▶ **Problem requirements**
Reproduce only this stretch of the listing below: from the line with "Chic By Jacob" through the line with "Peach Floral Display", exactly as written, with pictures excluded.

++++ Provided entries

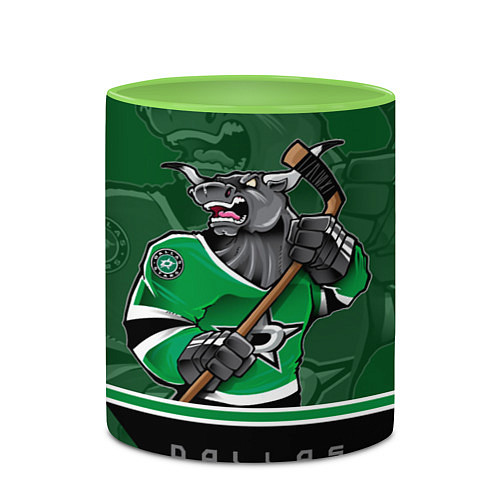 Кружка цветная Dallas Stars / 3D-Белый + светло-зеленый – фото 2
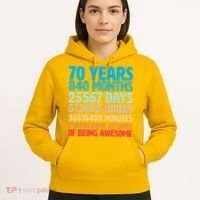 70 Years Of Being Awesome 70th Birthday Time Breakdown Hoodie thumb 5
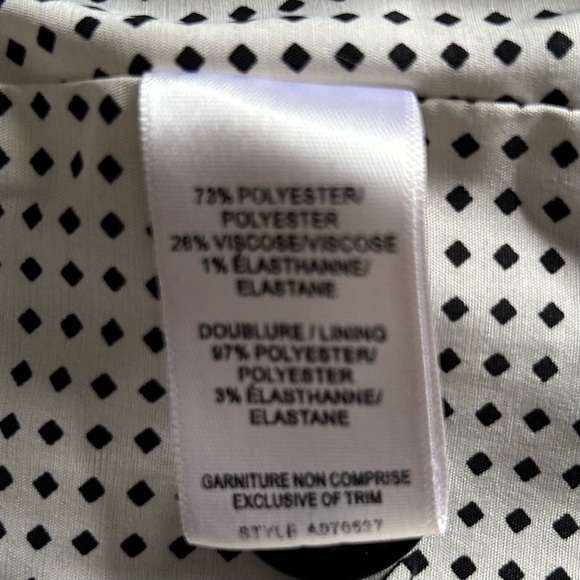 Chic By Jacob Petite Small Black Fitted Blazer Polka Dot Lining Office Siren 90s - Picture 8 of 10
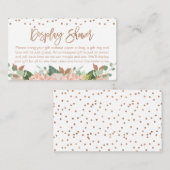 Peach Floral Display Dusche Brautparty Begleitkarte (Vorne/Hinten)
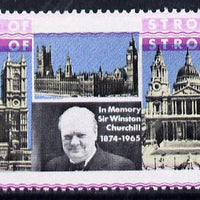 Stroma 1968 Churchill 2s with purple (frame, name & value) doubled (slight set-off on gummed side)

++++++++
++++ Provided entries

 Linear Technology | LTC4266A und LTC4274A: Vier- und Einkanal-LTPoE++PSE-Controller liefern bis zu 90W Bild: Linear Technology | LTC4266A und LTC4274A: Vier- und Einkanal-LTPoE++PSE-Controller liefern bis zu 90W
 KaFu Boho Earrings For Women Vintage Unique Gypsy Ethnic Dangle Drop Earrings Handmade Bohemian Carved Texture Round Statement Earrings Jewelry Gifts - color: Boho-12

++++++++

▶ **Answer to the problem**
 Chic By Jacob Petite Small Black Fitted Blazer Polka Dot Lining Office Siren 90s - Picture 8 of 10
 Peach Floral Display Dusche Brautparty Begleitkarte (Vorne/Hinten)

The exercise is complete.